There were three key themes that emerged during the recent February reporting season. The first, unsurprisingly, was that rising costs are finally starting to moderate. 

"The last 12-18 months, in particular, we've seen a large level of cost inflation, whether it's higher input costs for building materials, steel, timber. If you've tried to do a renovation recently, the cost of is exorbitant," Stott says. 

"So we started to see some of those cost pressures abate. And a lot of the companies that we met with have suggested that is the case." 

He points to retailers such as The Reject Shop (ASX: TRS), Adairs (ASX: ADH), and Super Retail Group (ASX: SUL) as examples, which are now seeing logistics costs such as shipping rates fall back to levels seen before the COVID pandemic.  

During the month, Stott and his team met with over 100 companies. And wages growth was a key area of concern. 

"Wages growth this year is likely to be the highest level of wages growth we've seen for many decades, and that's probably no great surprise. But companies are really thinking about forward planning for that right now, particularly over in the west," he says. 

"Companies like Perenti (ASX: PRN), Emeco Holdings (ASX: EHL), and SRG Global (ASX: SRGto a lesser extent, all in that mining services bucket, all called out that there are higher labour costs that they're having to absorb. That's really a function of the shortage of labour.

"People are calling for a recession. We can't see that with full employment. The unemployment rate still sits shy of 4%, and I just can't see a recession in that scenario." 

The final theme that emerged during reporting season was the demand for both used and new electric vehicles, Stott adds. 

"Talking to companies like Eagers Automotive (ASX: APE), Autosports Group (ASX: ASG), and Peter Warren Automotive (ASX: PWR- they're the three listed owners of car dealerships in Australia. They're all seeing huge levels of demand for EVs or electric cars," he explains. 

"So APE is one that we own in the portfolio, it reported quite well. They've got a joint venture with a Chinese manufacturer, BYD, which is the largest seller of electric cars in the world, ahead of Tesla. They've just entered the market with an SUV electric car for $48,000 with an eight-year warranty. We think that's a pretty compelling offer." 

There's huge demand for electric vehicles, Stott says, but the key question over the next decade is whether or not we have the infrastructure to support it. 

"I jumped on YouTube the other day and someone filmed themself driving their BYD car from Sydney to Melbourne. It's a nine and a half hour drive. It took him 12 and a half hours. So he spent three hours across various stops along the way, charging his car," he adds. 
"It took a little bit longer than it probably would in a petrol car, but the cost of it was cheaper. It cost him $70 to get from Sydney to Melbourne charging his car, versus say $150 to $200 for a petrol or a diesel car. 
"So we certainly think that the EV space and any companies that are tapped into that over the next five or 10 years will do quite well."

A company that was unfairly sold off (and a result the market missed) 

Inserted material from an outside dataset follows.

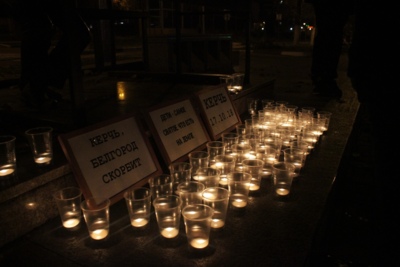 Белгородцы могут почтить память погибших в Керчи возле памятника учительнице на Народном бульваре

While there were significant share price movements off the back of earnings results during the month, many stocks have ended up back at their pre-result share price (or even below that) once the dust had settled. 

"One company that stands out for us, and full disclosure, it's the biggest stock in our portfolio, is a little radiology business called Capitol Health (ASX: CAJ)," Stott says. 

"They reported a result which was weaker than expectations. So the share price has been sold off around 15-20% in the last two or three months." 

Stott believes Capitol Health has been unfairly sold off, noting that the "fundamentals remain in place." 

"The reason why they struggled with their result was we had another spike in COVID, if you remember, back in November/December last year, and so the visitation rates and GP referrals were down," he says. 

"But they've got a highly strategic level of assets across the portfolio, and a strong balance sheet in a market that's fairly uncertain. I think that's a fairly good sector to be in." 

Another stock that was unfairly sold off this reporting season was Frontier Digital Ventures (ASX: FDV), Stott says. Frontier Digital runs a collection of online real estate and car marketplace portals in emerging markets around the world.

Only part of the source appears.